Glenda Russell, publisher of IBJ sister publications Indiana Lawyer and Court and Commercial Record and head of our Senior Expos of Indiana division, is leaving our company for a new opportunity.
Glenda and I have worked together 22 years. We go way back, all the way to 1985 when IBJ Corp. purchased the newspaper she was working for, at that time known as The Indianapolis Commercial.
Glenda was general manager of the Commercial, a public-notice newspaper that was approaching its 100th anniversary. Her tiny, four-person operation became part of our company, which included IBJ and business papers in five other cities and a couple hundred employees.
It didn’t take long for Glenda to spread her wings.
In 1990, she came up with the notion of starting a newspaper for Indiana attorneys. With the help of original Indiana Lawyer Editor Chris Banguis, Glenda got it off the ground and created a publication that has become a mustread in the legal community.
Along the way, she herself has become a strong voice and influential person in that community and made many friends, from up-and-coming attorneys to federal and Indiana Supreme Court judges.

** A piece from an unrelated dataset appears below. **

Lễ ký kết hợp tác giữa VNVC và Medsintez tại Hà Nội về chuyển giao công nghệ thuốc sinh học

She led the evolution of the Commercial into the Court & Commercial Record and directed that publication to record year after record year.
Because of her leadership at CCR, she became a board member and officer of the Association of Court & Commercial Newspapers, a national trade group, and of the Hoosier State Press Association.

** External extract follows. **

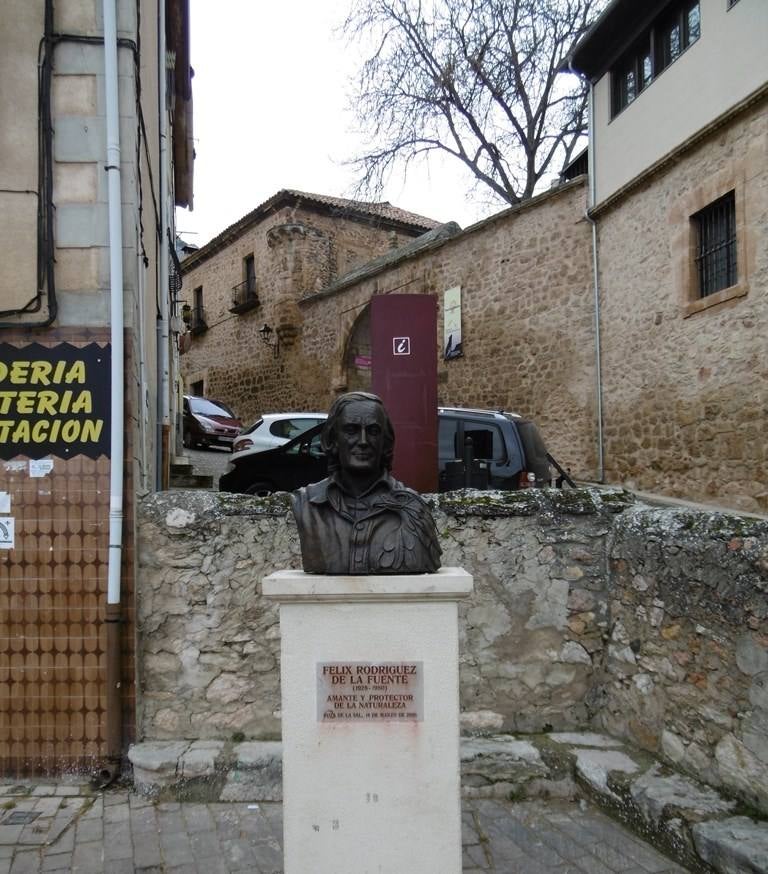 Busto de Félix Rodríguez.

Through those two organizations, she learned to network and lobby in the Indiana General Assembly on behalf of public-notice newspapers and to advocate for the public’s right to know.
When we acquired a senior publication, we turned it
over to Glenda, who expanded the franchise into the trade show business targeting seniors. We no longer own the publication, but the expos are going strong.

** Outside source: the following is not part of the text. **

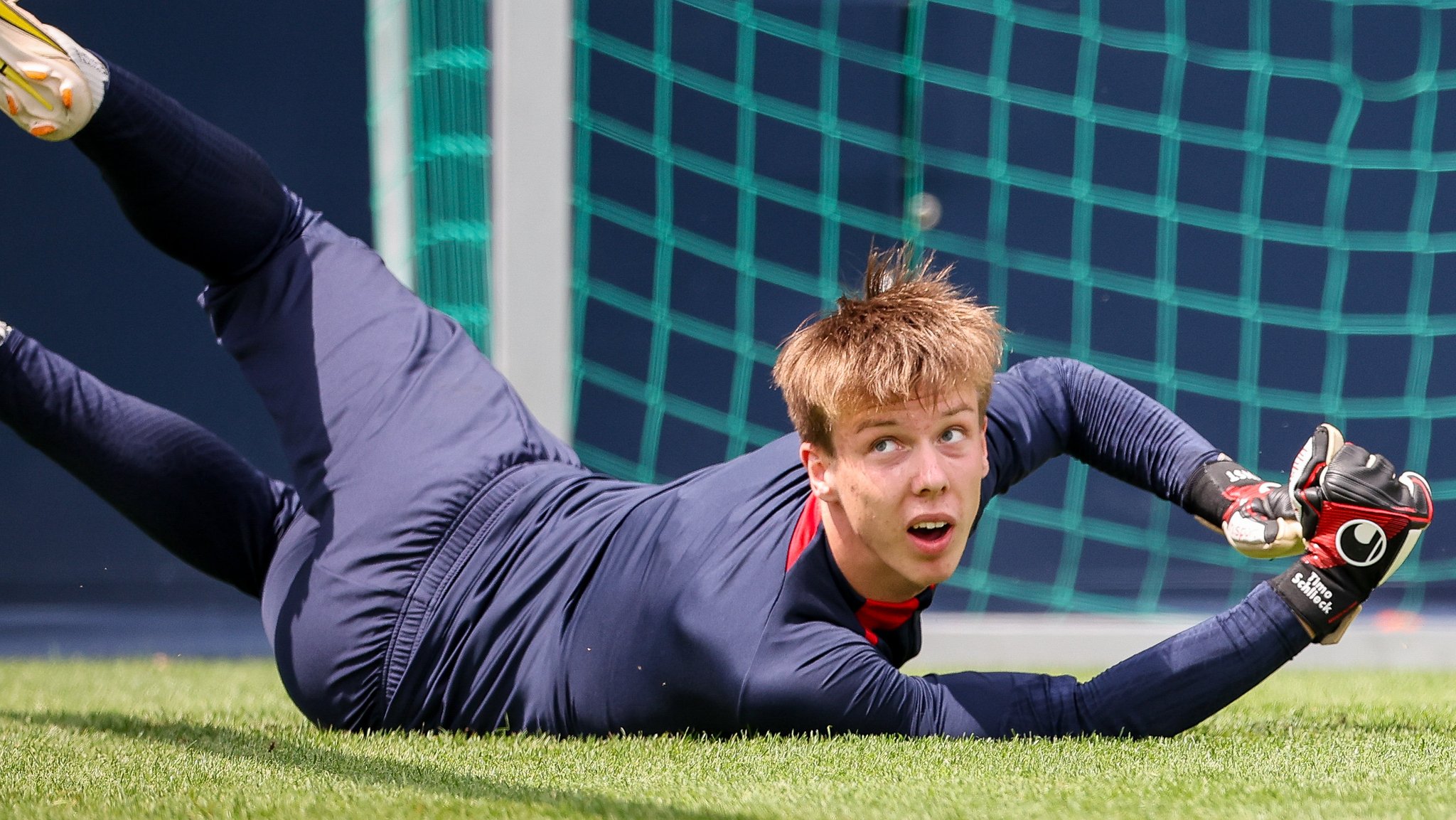 ARCHIV - 13.07.2023, Sachsen, Leipzig: Fußball, Bundesliga, RB Leipzig:  öffentliches Training in der Red Bull Akademie.  Leipzigs Torwart Timo Schlieck nimmt an der Trainingseinheit teil. Timo Schlieck wechselt nach Fürth. (zu dpa: «Greuther Fürth holt Torwarttalent aus Leipzig») Foto: Jan Woitas/dpa +++ dpa-Bildfunk +++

And even though Glenda didn’t have a direct role in the operations of the Indianapolis Business Journal, as part of our management team she helped strategize and contributed ideas that helped shape IBJ and our entire operation.
An idea person who likes to think outside the box, Glenda did not succeed all the time. Sometimes she came up with ideas that just didn’t work. But what idea person hasn’t? You know what they say: If you don’t fail sometimes, you’re just not trying hard enough.
Glenda’s greatest skill has always been in building relationships. An unusually high percentage of her business connections evolve into real friendships. I’ve never seen anything like it.
It says a lot about what kind of a person she is.
Glenda and I were business associates for many years before we became friends. What really brought us together on a personal level was our music, and I’d guess that was about 10 years ago.
We’d always talked about it-she sang at weddings and I played guitars and sang all the time, by myself and in bands. She finally got tired of talking about it one day and invited me down to her house in Greenwood for a little jam session.
She invited some other friends, too, and we had a big old night. By the end of the evening, we were amazed by each other’s talents. The experience opened a whole new dimension in our relationship, and we started to become true friends. We’ve done a lot of jammin’ since.
Over two-plus decades, we’ve spent a whole lot of time together and worked together under four different owners. We’ve seen just about everything. In our friendship, we’ve been there for each other through good times and bad.
Here at IBJ Media, we will miss Glenda and will do our best to keep her legacies alive and thriving. On a personal level, I will have lost a business associate but not a friend. Good luck, Glenda.